* EXERCISE OBJECTIVE *
Restate word for word the lines below from the one that has "Suzhoufashion Boho Champagne" through the one that has "Hotel Gharana Gaya Exteriör bild", keeping both and dropping all pictures.

* INFORMATION SUPPLIED *
= Beginning of Section =
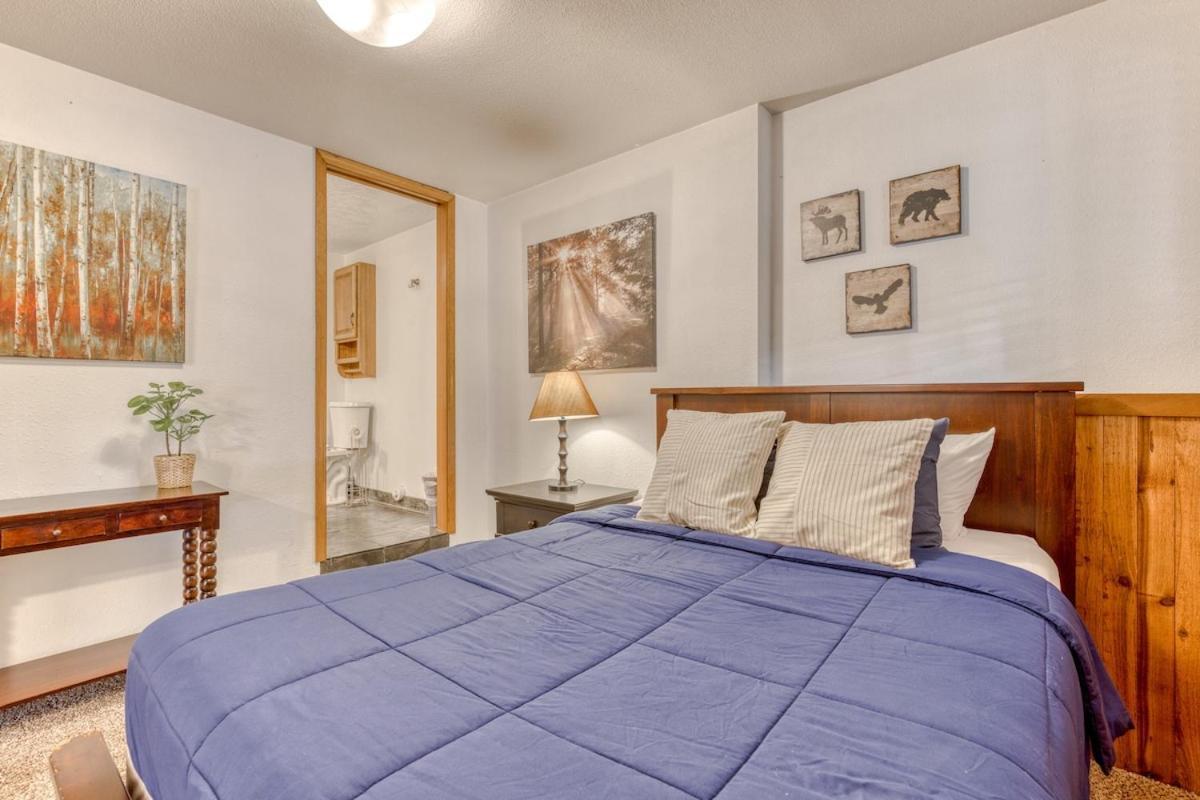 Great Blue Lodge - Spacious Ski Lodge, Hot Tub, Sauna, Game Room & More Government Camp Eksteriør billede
= End of Section =
= Beginning of Section =
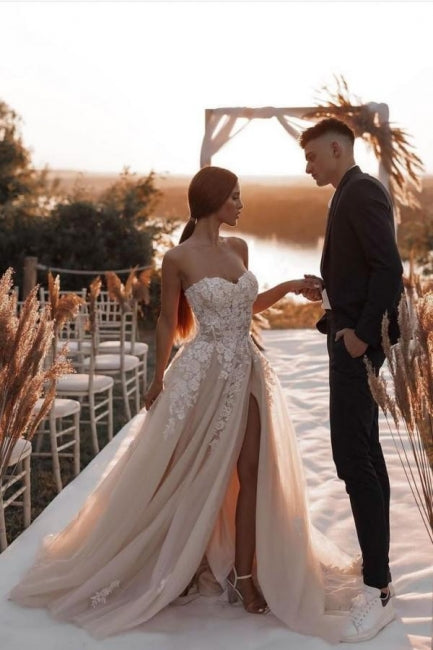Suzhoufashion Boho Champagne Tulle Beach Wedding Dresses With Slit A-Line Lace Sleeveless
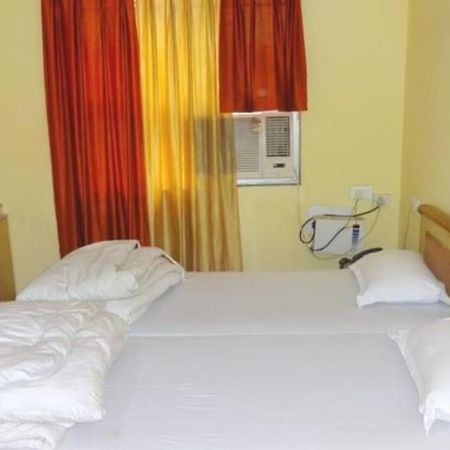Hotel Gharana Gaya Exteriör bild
= End of Section =
* EXERCISE ANSWER *
Suzhoufashion Boho Champagne Tulle Beach Wedding Dresses With Slit A-Line Lace Sleeveless
Hotel Gharana Gaya Exteriör bild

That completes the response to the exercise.